DATA FOR REVIEW:
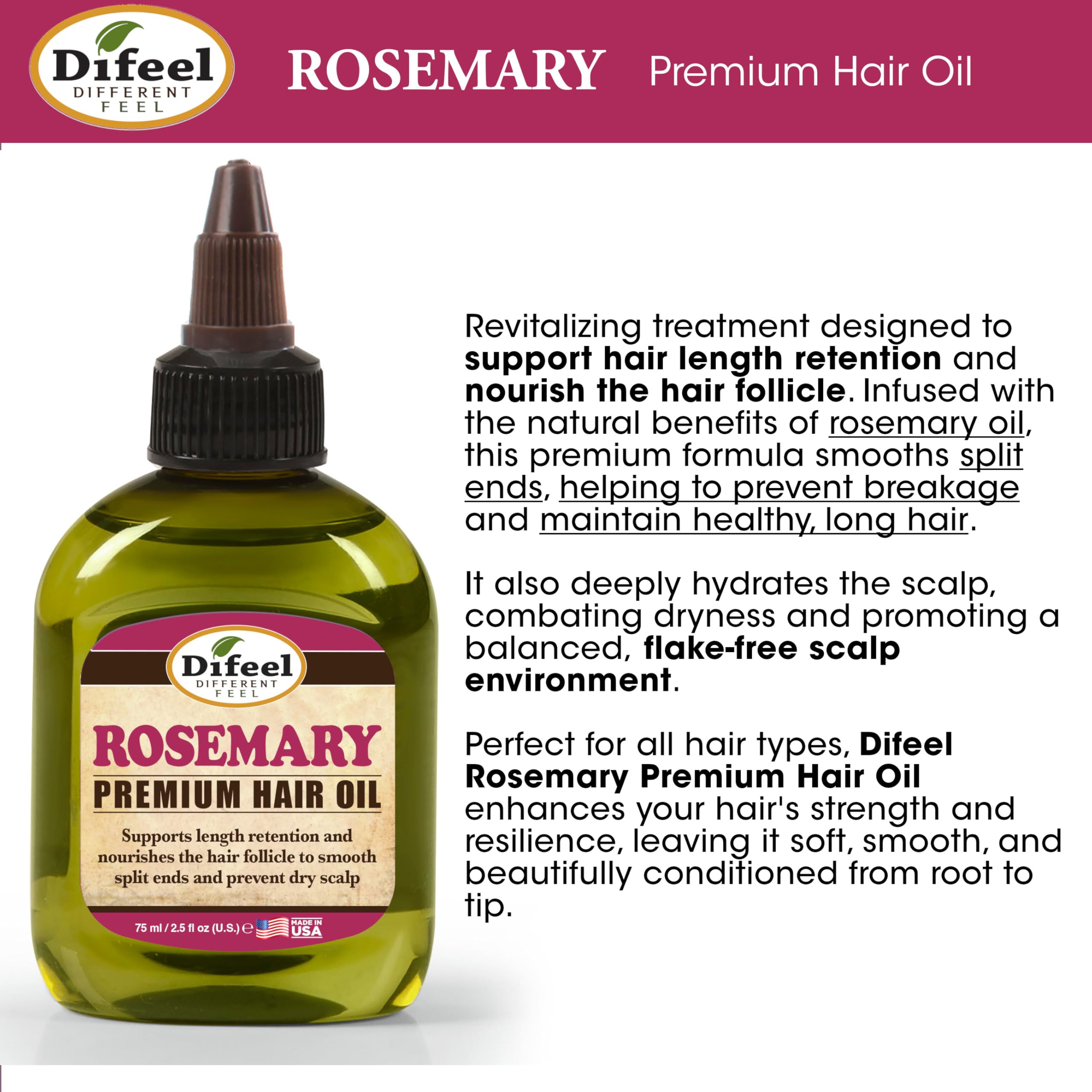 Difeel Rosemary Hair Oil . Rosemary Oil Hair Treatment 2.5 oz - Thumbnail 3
---
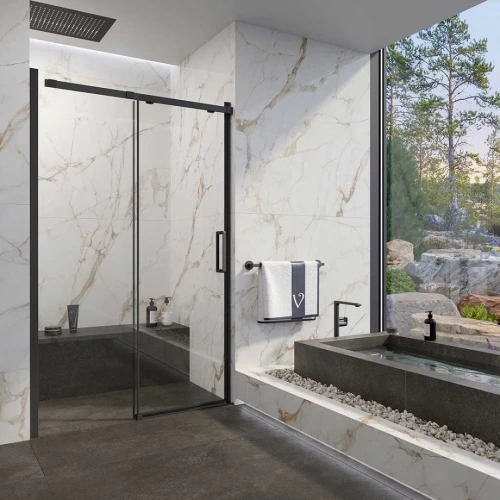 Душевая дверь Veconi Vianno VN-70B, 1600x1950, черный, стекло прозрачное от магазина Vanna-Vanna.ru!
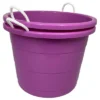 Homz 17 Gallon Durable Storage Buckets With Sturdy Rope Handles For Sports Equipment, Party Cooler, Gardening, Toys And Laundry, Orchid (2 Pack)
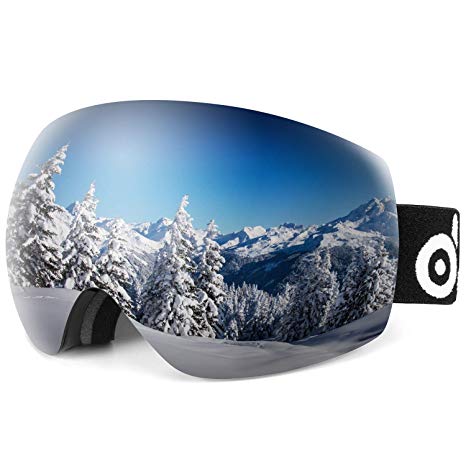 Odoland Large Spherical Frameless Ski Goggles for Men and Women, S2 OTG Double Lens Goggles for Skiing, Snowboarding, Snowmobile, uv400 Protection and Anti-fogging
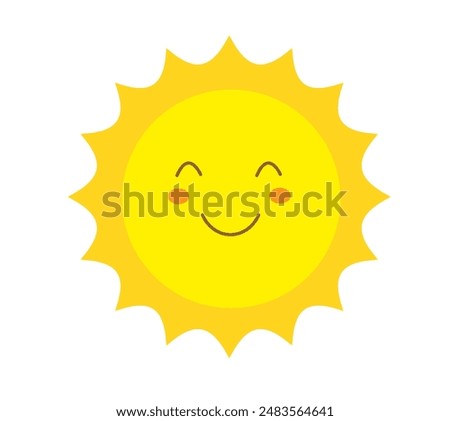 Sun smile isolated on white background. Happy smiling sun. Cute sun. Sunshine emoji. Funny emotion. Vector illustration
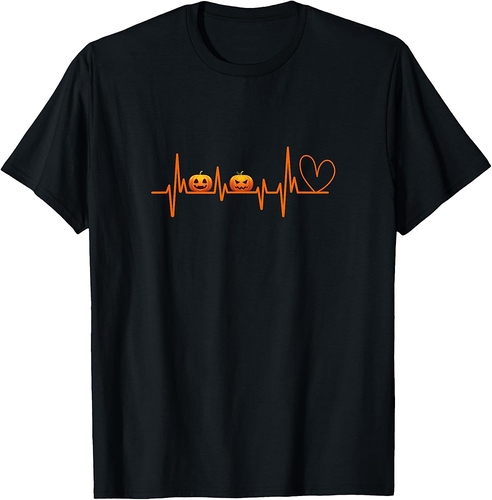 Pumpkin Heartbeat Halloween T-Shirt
--
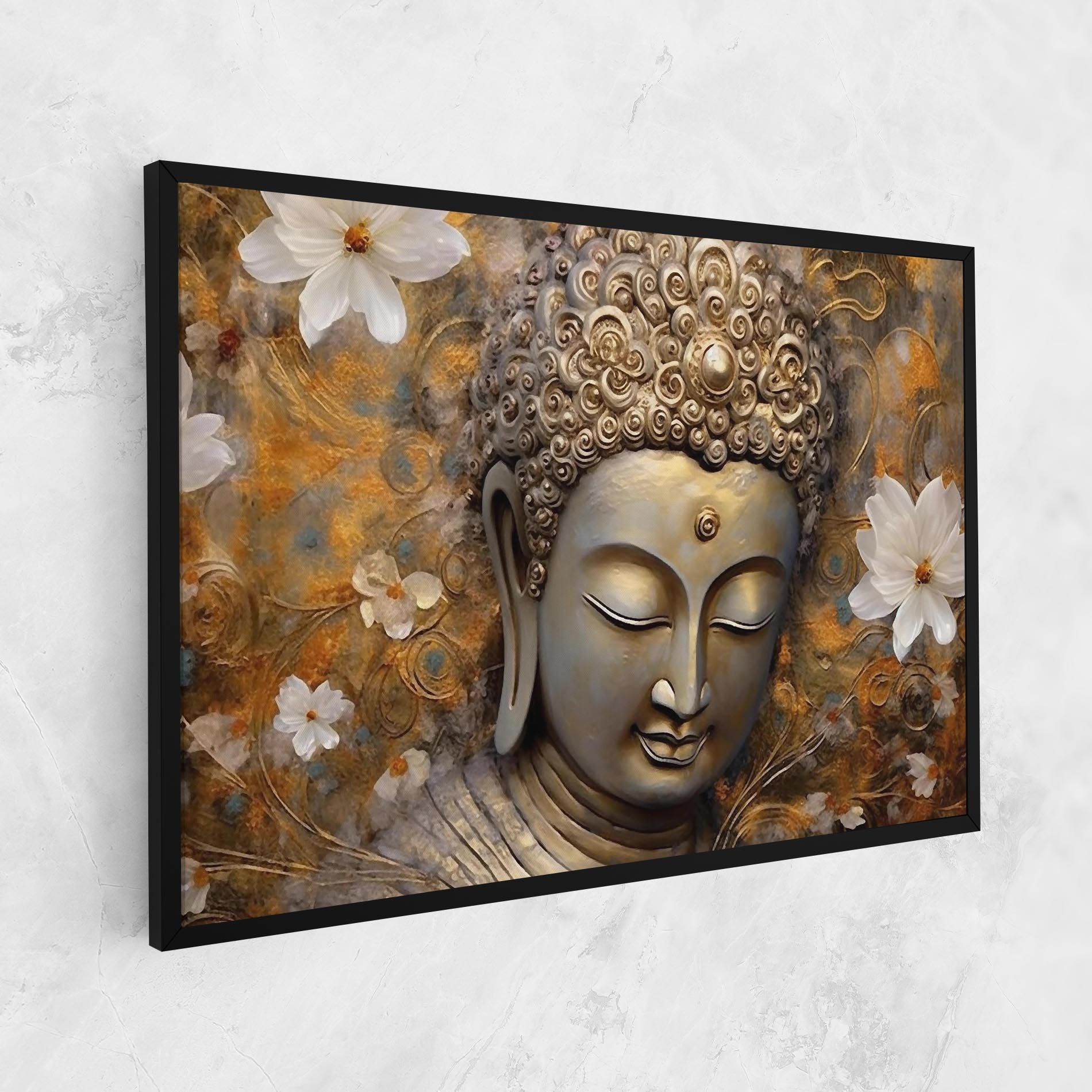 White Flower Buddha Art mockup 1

TASK DESCRIPTION: Write out word for word the lines above that run from the one with "Odoland Large Spherical" to the one with "Pumpkin Heartbeat Halloween T-Shirt". Include both end lines; exclude the images.

SOLUTION:
 Odoland Large Spherical Frameless Ski Goggles for Men and Women, S2 OTG Double Lens Goggles for Skiing, Snowboarding, Snowmobile, uv400 Protection and Anti-fogging
 Sun smile isolated on white background. Happy smiling sun. Cute sun. Sunshine emoji. Funny emotion. Vector illustration
 Pumpkin Heartbeat Halloween T-Shirt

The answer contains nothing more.